**Work instructions**
In the data below, find the line containing "Flowers black and" and the line containing "Karawanks, Carinthia, Avusturya", then reproduce them and every line between, exactly. Omit pictures.

**Exercise data**
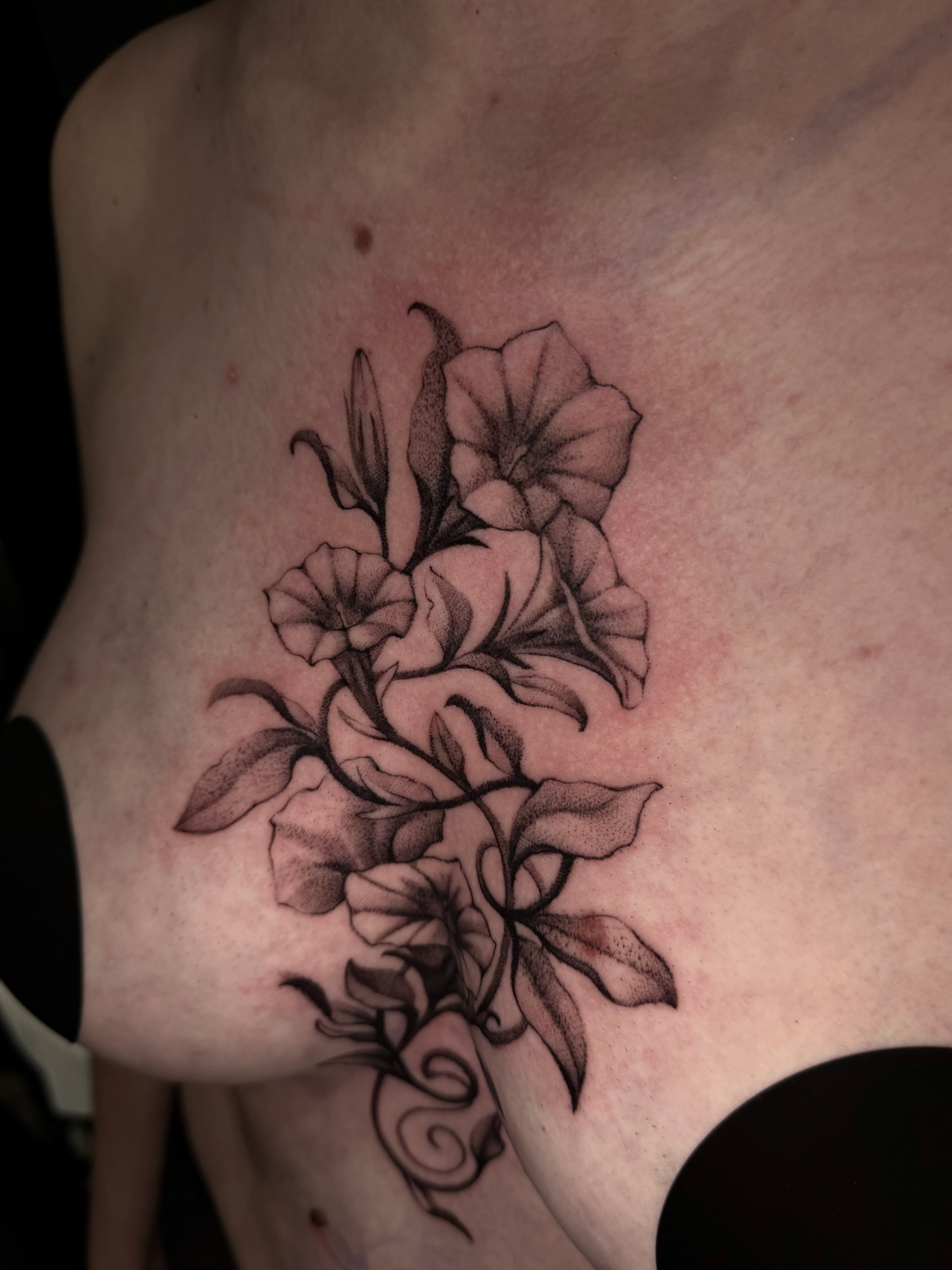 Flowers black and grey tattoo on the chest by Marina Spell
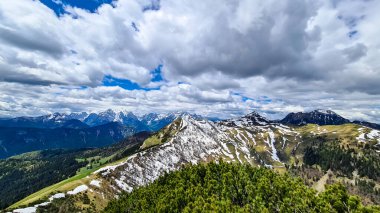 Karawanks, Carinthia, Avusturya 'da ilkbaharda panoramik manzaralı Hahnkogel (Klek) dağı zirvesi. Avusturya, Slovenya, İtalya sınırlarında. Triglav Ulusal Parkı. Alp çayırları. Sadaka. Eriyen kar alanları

--

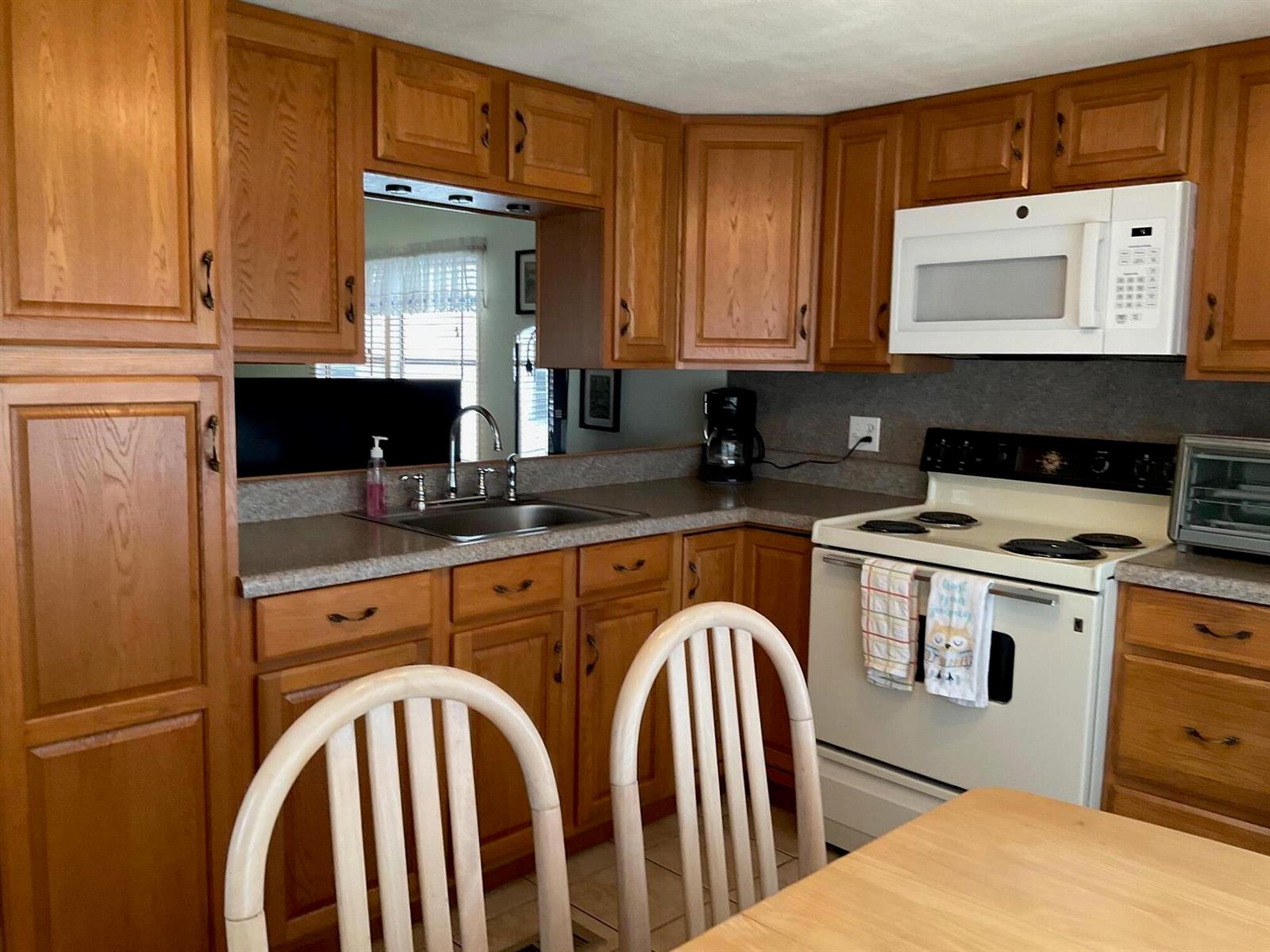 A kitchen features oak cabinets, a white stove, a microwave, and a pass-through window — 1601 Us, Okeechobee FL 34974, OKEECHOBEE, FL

**Finished task**
 Flowers black and grey tattoo on the chest by Marina Spell
 Karawanks, Carinthia, Avusturya 'da ilkbaharda panoramik manzaralı Hahnkogel (Klek) dağı zirvesi. Avusturya, Slovenya, İtalya sınırlarında. Triglav Ulusal Parkı. Alp çayırları. Sadaka. Eriyen kar alanları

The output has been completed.